▸ Work to be completed:
Gather each line of the entries below that includes "Used".

▸ Input for this task:

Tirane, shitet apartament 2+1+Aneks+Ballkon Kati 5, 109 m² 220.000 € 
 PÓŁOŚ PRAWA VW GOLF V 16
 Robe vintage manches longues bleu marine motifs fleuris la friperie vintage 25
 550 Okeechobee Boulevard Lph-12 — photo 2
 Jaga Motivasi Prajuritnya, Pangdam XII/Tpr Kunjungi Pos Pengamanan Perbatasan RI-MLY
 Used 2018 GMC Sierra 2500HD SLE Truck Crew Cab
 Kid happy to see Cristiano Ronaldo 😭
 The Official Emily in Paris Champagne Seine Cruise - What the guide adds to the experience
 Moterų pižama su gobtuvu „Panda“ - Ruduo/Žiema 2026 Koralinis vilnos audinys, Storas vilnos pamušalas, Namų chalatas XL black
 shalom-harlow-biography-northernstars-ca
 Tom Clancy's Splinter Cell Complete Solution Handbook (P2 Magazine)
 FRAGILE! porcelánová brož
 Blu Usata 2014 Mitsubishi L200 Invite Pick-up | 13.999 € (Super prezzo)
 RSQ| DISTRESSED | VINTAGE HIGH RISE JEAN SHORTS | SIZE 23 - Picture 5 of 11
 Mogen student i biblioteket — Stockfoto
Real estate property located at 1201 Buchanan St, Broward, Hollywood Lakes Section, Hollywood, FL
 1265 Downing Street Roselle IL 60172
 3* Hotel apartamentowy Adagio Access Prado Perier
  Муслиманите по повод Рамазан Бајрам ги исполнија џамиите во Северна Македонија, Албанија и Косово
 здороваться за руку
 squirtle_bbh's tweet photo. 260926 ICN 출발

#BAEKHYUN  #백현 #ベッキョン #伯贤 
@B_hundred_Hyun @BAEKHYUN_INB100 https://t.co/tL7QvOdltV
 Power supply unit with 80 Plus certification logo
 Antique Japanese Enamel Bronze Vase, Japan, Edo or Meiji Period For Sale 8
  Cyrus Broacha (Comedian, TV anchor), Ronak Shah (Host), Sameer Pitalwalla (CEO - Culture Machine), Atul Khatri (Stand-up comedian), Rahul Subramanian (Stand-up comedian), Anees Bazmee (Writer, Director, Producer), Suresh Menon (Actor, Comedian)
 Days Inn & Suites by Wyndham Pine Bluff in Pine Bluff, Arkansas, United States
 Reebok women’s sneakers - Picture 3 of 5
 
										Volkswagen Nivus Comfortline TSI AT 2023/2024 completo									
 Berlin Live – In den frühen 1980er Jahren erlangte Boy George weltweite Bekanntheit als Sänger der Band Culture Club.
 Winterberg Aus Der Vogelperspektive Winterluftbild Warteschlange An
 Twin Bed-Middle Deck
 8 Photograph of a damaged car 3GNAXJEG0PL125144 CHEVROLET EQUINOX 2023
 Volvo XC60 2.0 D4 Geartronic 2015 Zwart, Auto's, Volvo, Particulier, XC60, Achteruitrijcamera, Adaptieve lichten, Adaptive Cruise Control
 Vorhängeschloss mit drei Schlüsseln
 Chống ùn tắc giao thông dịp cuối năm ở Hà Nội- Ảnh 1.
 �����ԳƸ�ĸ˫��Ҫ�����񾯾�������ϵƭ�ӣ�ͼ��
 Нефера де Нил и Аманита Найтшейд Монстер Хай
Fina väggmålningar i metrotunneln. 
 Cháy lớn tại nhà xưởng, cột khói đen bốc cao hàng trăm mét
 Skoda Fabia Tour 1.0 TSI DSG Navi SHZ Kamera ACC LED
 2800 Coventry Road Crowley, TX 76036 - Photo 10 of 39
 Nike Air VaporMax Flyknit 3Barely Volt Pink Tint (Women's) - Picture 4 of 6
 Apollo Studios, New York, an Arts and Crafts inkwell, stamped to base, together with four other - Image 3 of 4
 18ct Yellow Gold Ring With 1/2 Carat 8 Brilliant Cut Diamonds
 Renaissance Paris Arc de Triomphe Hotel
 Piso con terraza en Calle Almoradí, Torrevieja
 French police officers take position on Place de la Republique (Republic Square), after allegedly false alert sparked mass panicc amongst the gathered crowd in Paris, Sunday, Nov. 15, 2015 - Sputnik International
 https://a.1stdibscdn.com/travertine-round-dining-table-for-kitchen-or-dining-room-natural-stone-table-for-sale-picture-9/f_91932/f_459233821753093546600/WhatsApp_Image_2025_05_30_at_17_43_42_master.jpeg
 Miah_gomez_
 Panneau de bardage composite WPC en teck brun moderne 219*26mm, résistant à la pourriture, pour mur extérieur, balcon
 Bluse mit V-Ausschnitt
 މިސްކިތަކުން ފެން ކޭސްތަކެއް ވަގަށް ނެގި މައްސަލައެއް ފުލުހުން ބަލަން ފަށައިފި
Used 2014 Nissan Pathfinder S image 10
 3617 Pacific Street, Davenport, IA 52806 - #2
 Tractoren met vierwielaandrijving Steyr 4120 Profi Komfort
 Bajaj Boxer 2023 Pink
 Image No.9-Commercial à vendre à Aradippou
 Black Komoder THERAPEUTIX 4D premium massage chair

▸ Written response:
 Used 2018 GMC Sierra 2500HD SLE Truck Crew Cab
Used 2014 Nissan Pathfinder S image 10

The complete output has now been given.